UNESCO Training Project Journal
3 April 2008
By Lieutenant Commander (SSD) HNS Perera
Members of Team 2 getting their equipment ready for the dive. Large View (Photo courtesy of the Central Cultural Fund).
V is for Victory
This was our first day on the iron hulled steam vessel called the Victory. Very little is known about the vessel, including its original name, as "Victory" is only the local name for the shipwreck. The GPS location of the site was recorded by Team 3 during their first dive on the site therefore we used the same location in order to find the shipwreck. Also the marker buoy that was fixed by Team 3 was still there making it quite easy to find the site. At first all team members made a dive together to get familiar with the site and to plan the survey.
Sanjeeva working in heavy surge on the Victory site. Large View (Photo courtesy of the Central Cultural Fund).
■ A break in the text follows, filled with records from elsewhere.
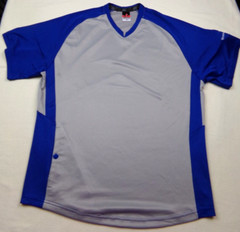 Alleson Athletic Jersey Adult Size M Gray Blue V Neck Woodford Reserve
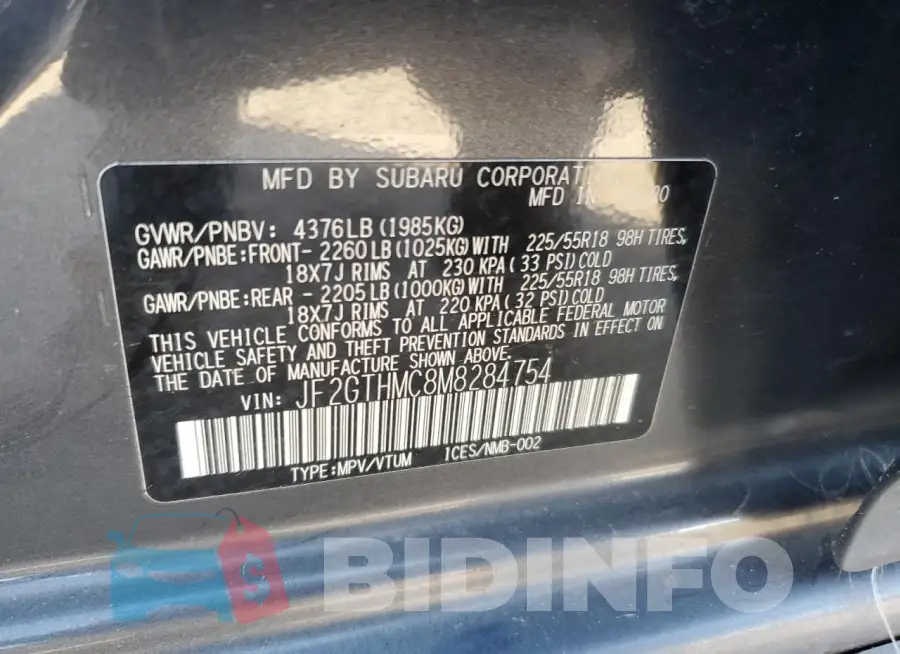 JF2GTHMC8M8284754 Photo# 12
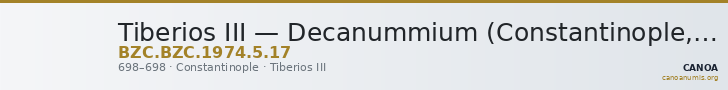 Tiberios III — Decanummium (Constantinople, 698) — CANOA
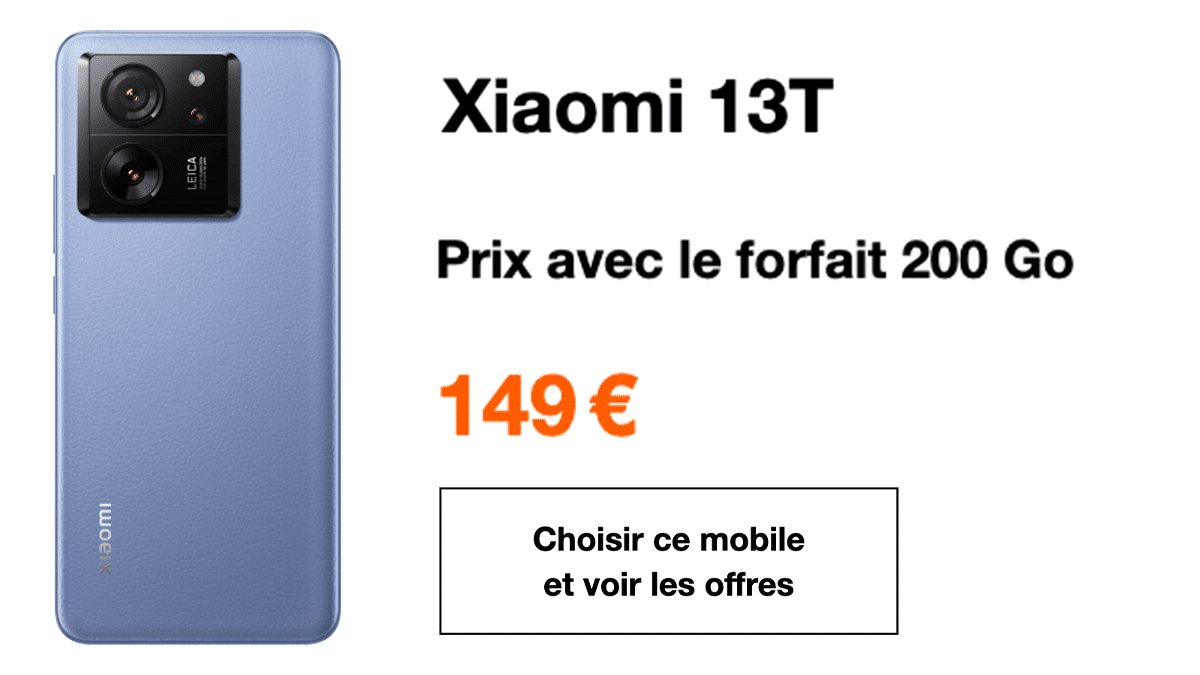 Forfait 5G pour nouveau Xiaomi 13T Orange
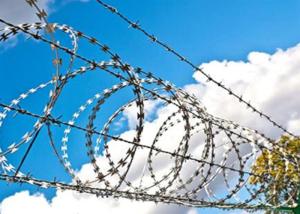 China Powder Coated 900mm Coil Diameter Razor Barbed Wire For Prison / Airport factory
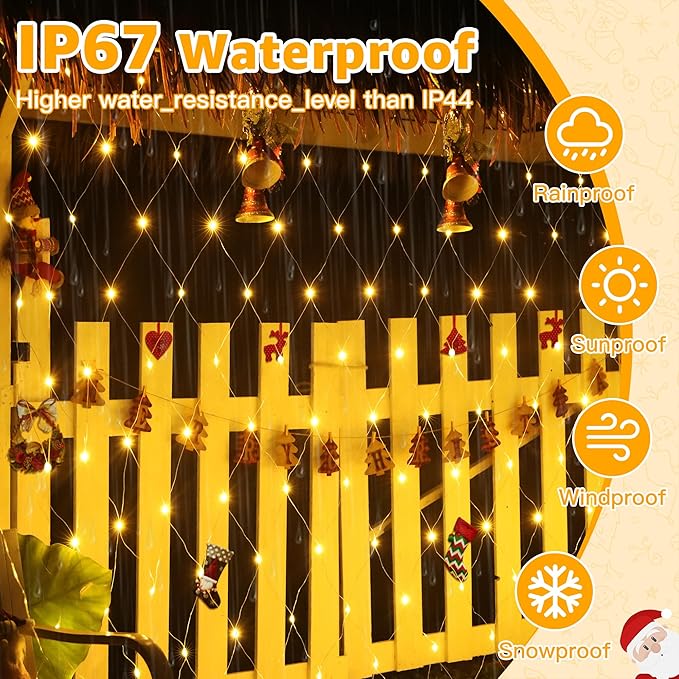 Ollny Net Lights Outdoor Mesh Light 10x7ft, 210LED Clear Wire Connectable Christmas Net Lights with 8 Modes, IP67 Waterproof Bush Light for Tree Wall Ceiling Outside Decorations, Warm White
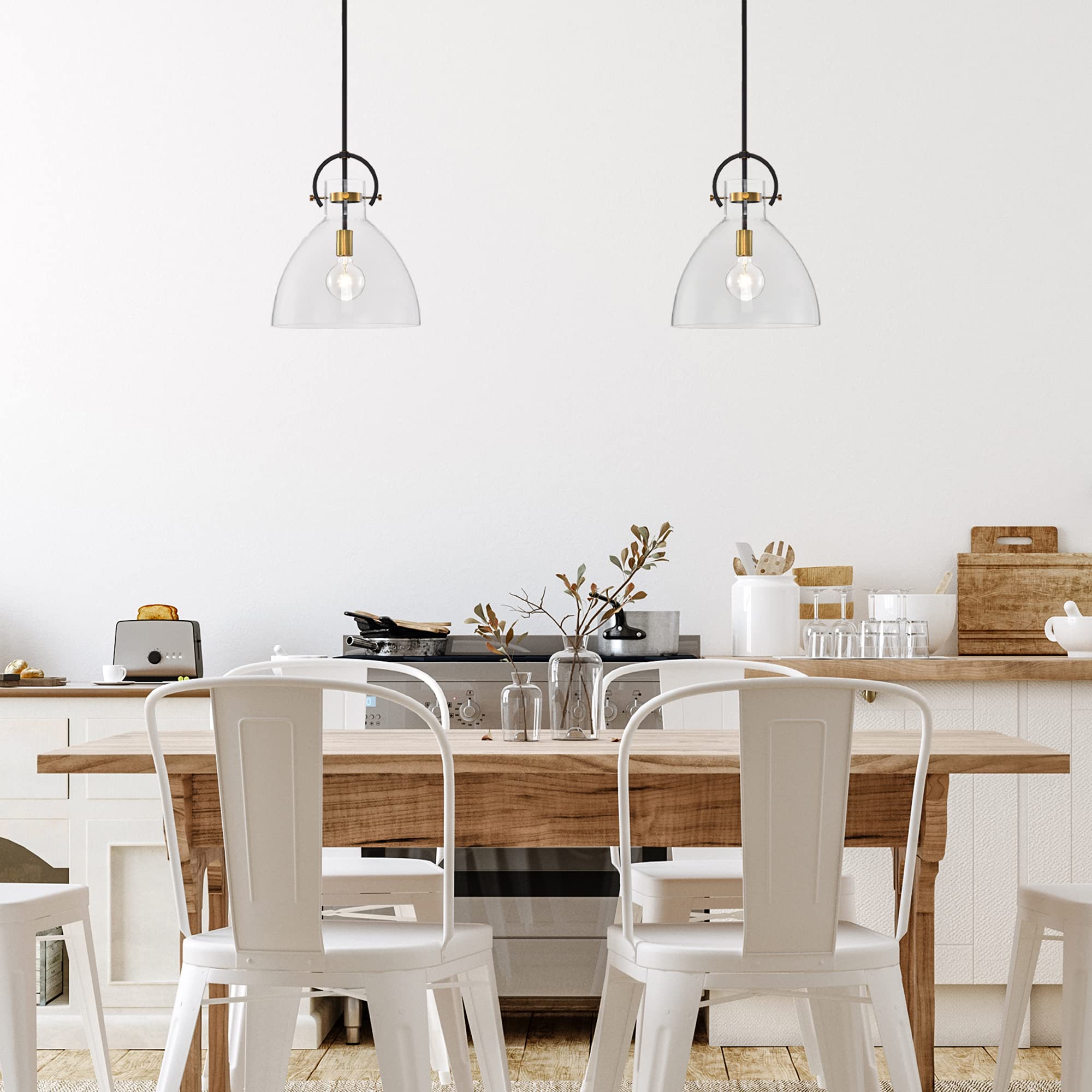 Edvivi 1-Light Oil Rubbed Bronze & Antique Gold Bowl Shaped Clear Glass Pendant Light Fixture - Perfect for Kitchen Island, Dining Room, or Entryway Lighting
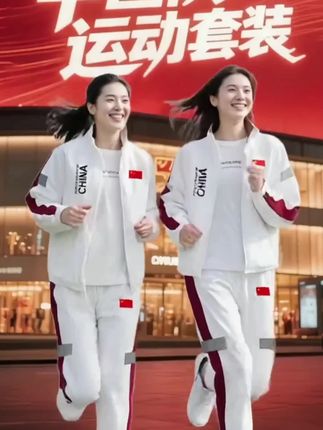 中国队China长袖运动服套装男女秋冬季加绒加厚体育生跑步训 #强烈推荐 #青春活力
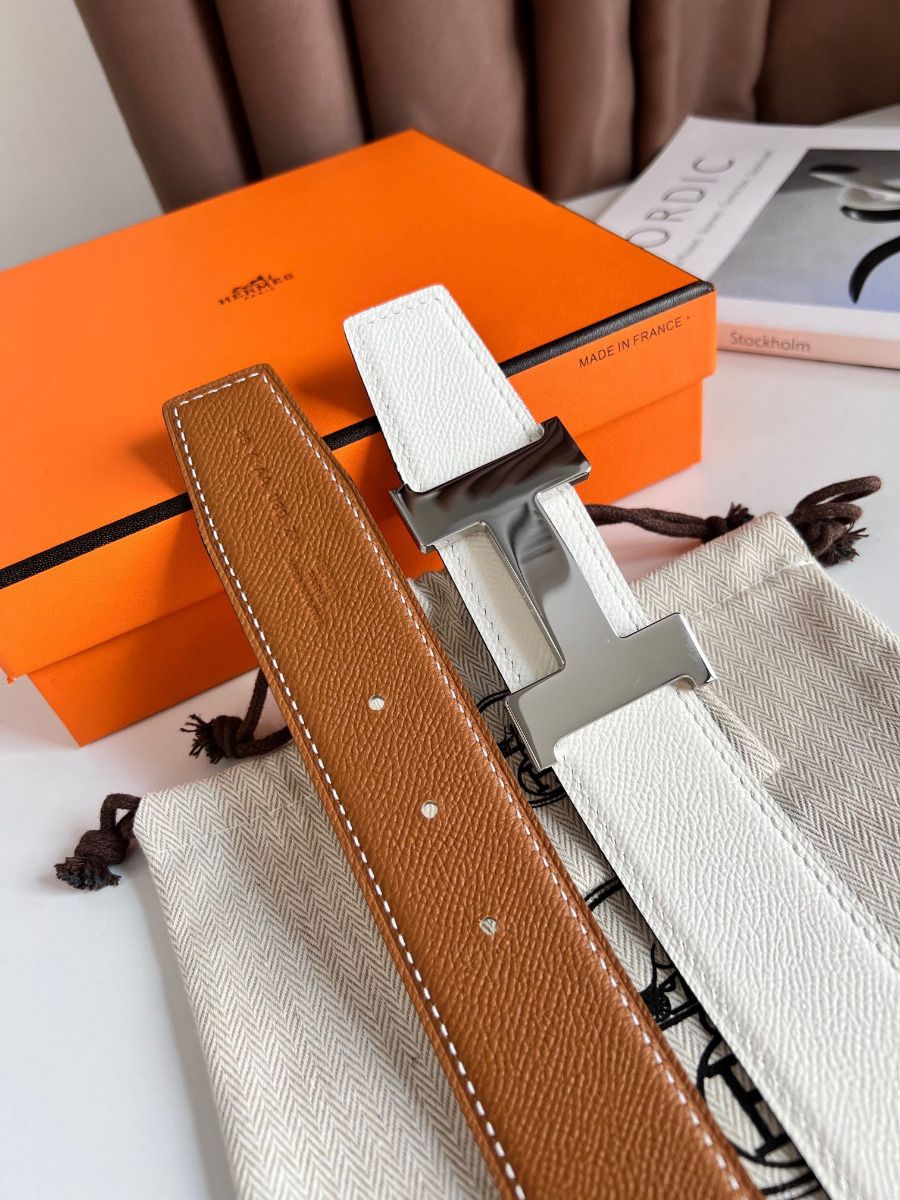 Hermes Constance Reversible Belt 38MM in Gold and White Epsom Calfskin - Image 5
From our first dive we produced a basic sketch of the site and had a discussion during our surface interval about the area we were going to survey. Palitha and I wanted to start from the bow and continue towards the stern. Darshani and Daya suggested we survey the area around two large boilers in the midships. Amer advised us to select a survey area of no more than 10 x 10 m. in order to get more accurate measurements as there was a lot of surge on the site. Finally we all agreed to start the survey from the bow of the vessel.
Setting up control points on the Victory. Large View (Photo courtesy of the Central Cultural Fund).
We carried out a trilateration survey since there were a lot of frames and beams projecting vertically upwards that would make a baseline offset survey more difficult. Darshani, Daya and I labelled 5 control points from A to E on the shipwreck while Palitha and Pradeep fixed control points numbered 1 to 5 around the wreck. We completed all our trilateration measurements between these control points to establish a datum framework for the survey. When we finished for the day the sea was a little rough and we experienced a large surge resulting in a drop of visibility to less than two metres.